◆ Information supplied:
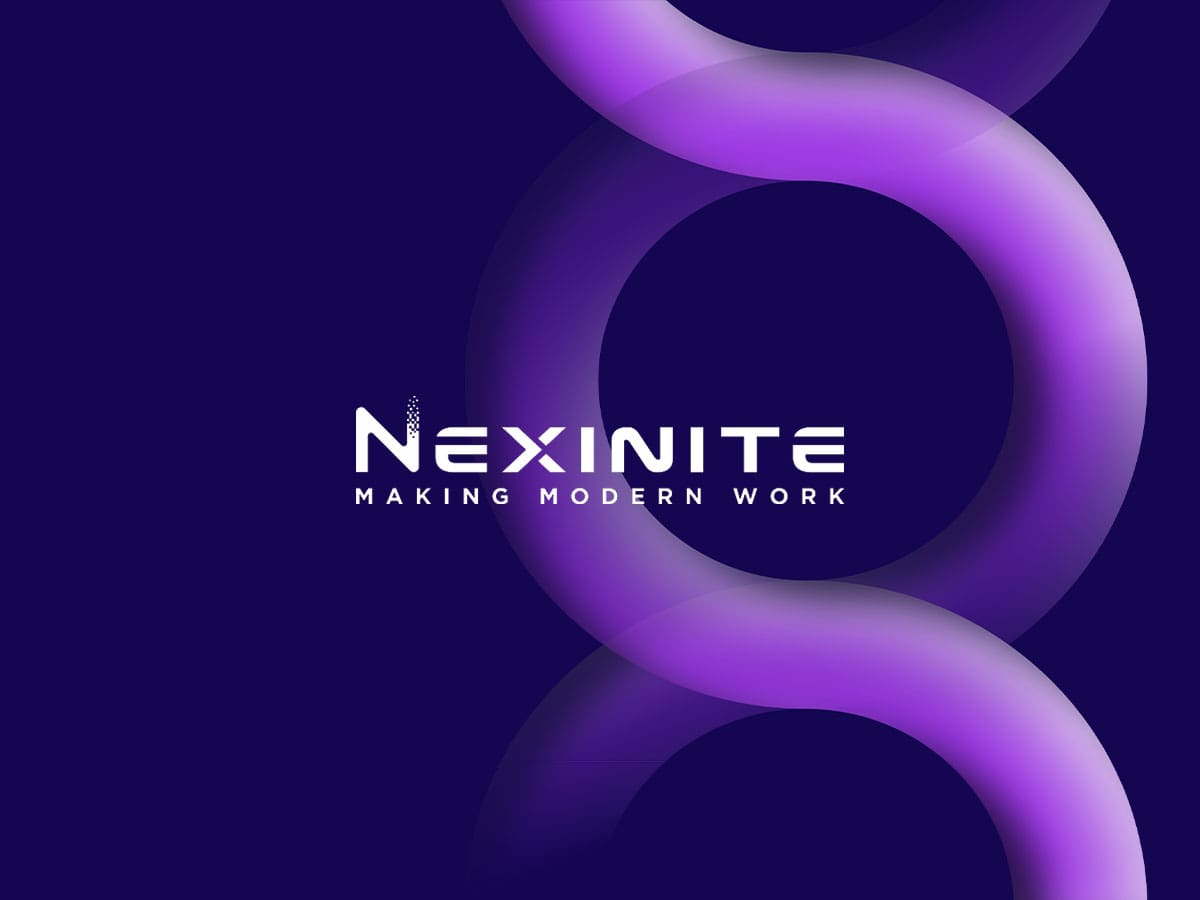 power-automate-examples-25-practical-workflows-2025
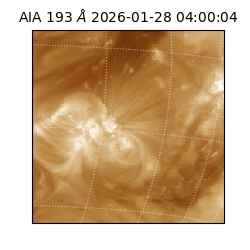 saia - 2026-01-28T04:00:04.844000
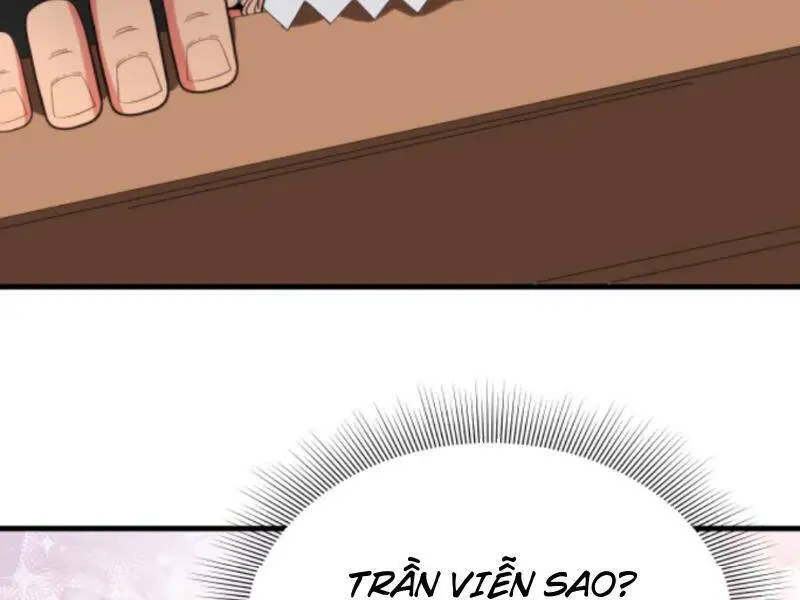 Ta Có 90 Tỷ Tiền Liếm Cẩu! Nettruyen ZZZ Chương 83 Page 64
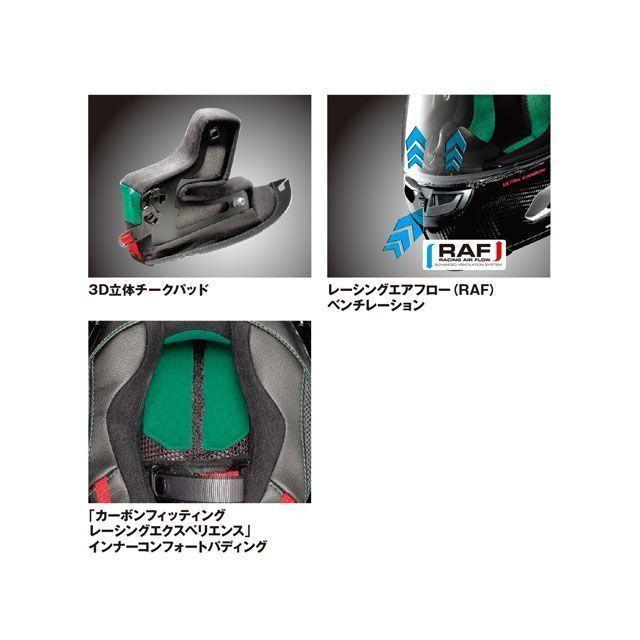 専用品 ハンディチョークライン Neo自動巻 細糸 バレンシアオレンジ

◆ What is required:
With the pictures removed, repeat the listing above exactly as it stands.

◆ The answer:
 power-automate-examples-25-practical-workflows-2025
 saia - 2026-01-28T04:00:04.844000
 Ta Có 90 Tỷ Tiền Liếm Cẩu! Nettruyen ZZZ Chương 83 Page 64
 専用品 ハンディチョークライン Neo自動巻 細糸 バレンシアオレンジ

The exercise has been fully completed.